Task goal =>
Locate "A home in Calhoun" in the listing. Transcribe the line that contains it and every line that follows, through the last, omitting all pictures.

Material for this task =>

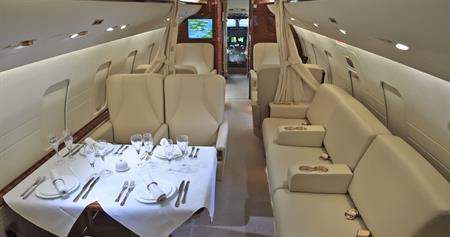 Challenger 604 - фото салона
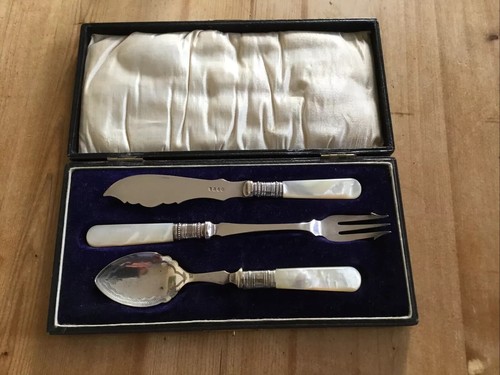 Mother pearl handle butter - of,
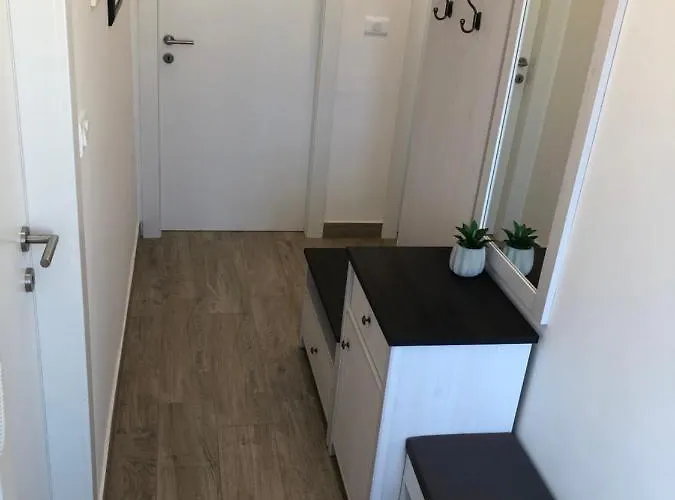 Center Seaview Apartment *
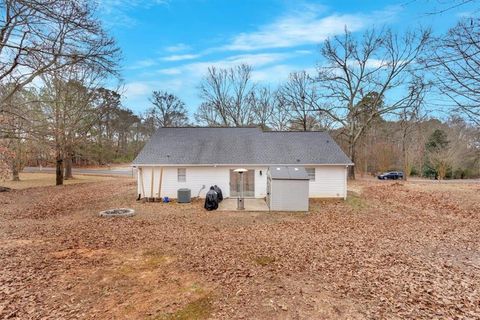 A home in Calhoun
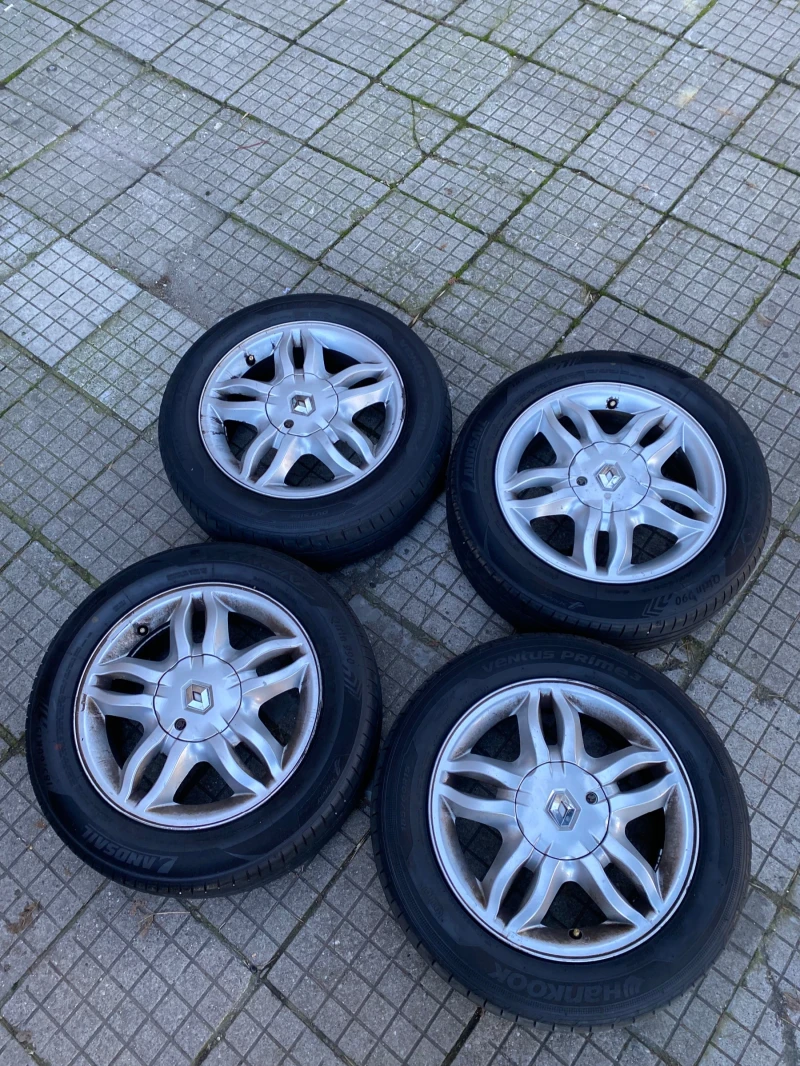 Renault Clio, снимка 9 - Автомобили и джипове - 52851699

Solution to this problem =>
 A home in Calhoun
 Renault Clio, снимка 9 - Автомобили и джипове - 52851699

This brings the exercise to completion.